_Exercise details_.
Your answer must be an exact copy of every record below.

-=-=-

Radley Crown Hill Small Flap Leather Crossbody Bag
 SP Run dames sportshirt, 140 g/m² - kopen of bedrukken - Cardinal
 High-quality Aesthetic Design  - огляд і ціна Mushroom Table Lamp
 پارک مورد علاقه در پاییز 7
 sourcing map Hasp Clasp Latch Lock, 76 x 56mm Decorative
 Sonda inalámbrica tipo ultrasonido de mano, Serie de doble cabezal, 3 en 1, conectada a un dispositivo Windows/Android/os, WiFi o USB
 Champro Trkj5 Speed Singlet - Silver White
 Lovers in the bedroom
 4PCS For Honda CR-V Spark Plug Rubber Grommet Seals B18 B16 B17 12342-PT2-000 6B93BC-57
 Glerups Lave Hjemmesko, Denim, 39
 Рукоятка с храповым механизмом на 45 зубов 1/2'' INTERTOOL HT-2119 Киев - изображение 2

-=-=-

_Expected output_.
Radley Crown Hill Small Flap Leather Crossbody Bag
 SP Run dames sportshirt, 140 g/m² - kopen of bedrukken - Cardinal
 High-quality Aesthetic Design  - огляд і ціна Mushroom Table Lamp
 پارک مورد علاقه در پاییز 7
 sourcing map Hasp Clasp Latch Lock, 76 x 56mm Decorative
 Sonda inalámbrica tipo ultrasonido de mano, Serie de doble cabezal, 3 en 1, conectada a un dispositivo Windows/Android/os, WiFi o USB
 Champro Trkj5 Speed Singlet - Silver White
 Lovers in the bedroom
 4PCS For Honda CR-V Spark Plug Rubber Grommet Seals B18 B16 B17 12342-PT2-000 6B93BC-57
 Glerups Lave Hjemmesko, Denim, 39
 Рукоятка с храповым механизмом на 45 зубов 1/2'' INTERTOOL HT-2119 Киев - изображение 2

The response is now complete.